The DB::Exception: No replica has part error (code NO_REPLICA_HAS_PART) appears when ClickHouse determines that a specific data part, recorded in ZooKeeper as needed, is not available on any replica in the cluster. Without at least one replica holding the part, the replication queue entry cannot be fulfilled.
Impact
When this error fires, the affected replica is unable to fetch the missing part and will stall on that replication queue entry. Subsequent merges or mutations that depend on the part will also be blocked.

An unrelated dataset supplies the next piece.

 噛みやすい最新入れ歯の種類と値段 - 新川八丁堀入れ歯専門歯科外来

If left unresolved, the replication lag on the node grows, and queries directed to it may return incomplete results.
Common Causes
- All replicas lost the part simultaneously -- concurrent disk failures, aggressive
OPTIMIZEoperations, or manual deletion of part directories on every node. - Part was dropped before replication completed -- a
DROP PARTITIONorTRUNCATEran on the source replica before other replicas could fetch the data. - TTL or retention policies removed the part prematurely on all replicas.
- ZooKeeper metadata is stale -- the part entry exists in the replication log, but the actual data was removed during a previous recovery or cleanup.

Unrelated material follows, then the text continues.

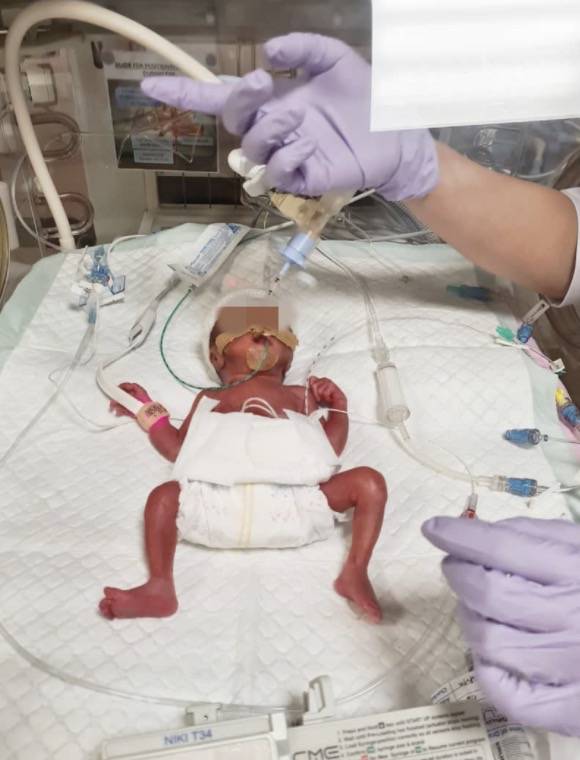 新加坡看病太贵:她的早产儿账单40万新币!女佣病危雇主要花15万新币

- Network partitions prevented the part from being distributed before it was merged away on the source.
Troubleshooting and Resolution Steps
Identify the missing part Query the replication queue for stuck entries:
SELECT database, table, type, new_part_name, last_exception, num_tries FROM system.replication_queue WHERE last_exception LIKE '%No replica has part%' ORDER BY create_time;Check all replicas for the part On each replica, look in
system.parts:SELECT partition, name, active, rows FROM system.parts WHERE table = 'my_table' AND name = 'the_missing_part';Also check
system.detached_parts-- the part may have been detached rather than deleted.Attempt to restore from a detached part If the part exists in a detached state on any replica:
ALTER TABLE my_table ATTACH PART 'the_missing_part';Skip the unreachable entry When the data is truly irrecoverable and you accept the loss, clear the stuck entry from the replication queue:
SYSTEM RESTART REPLICA db.my_table;If that does not resolve it, you may need to use:
ALTER TABLE my_table DROP DETACHED PART 'the_missing_part' SETTINGS allow_drop_detached = 1;And then manually remove the log entry from ZooKeeper.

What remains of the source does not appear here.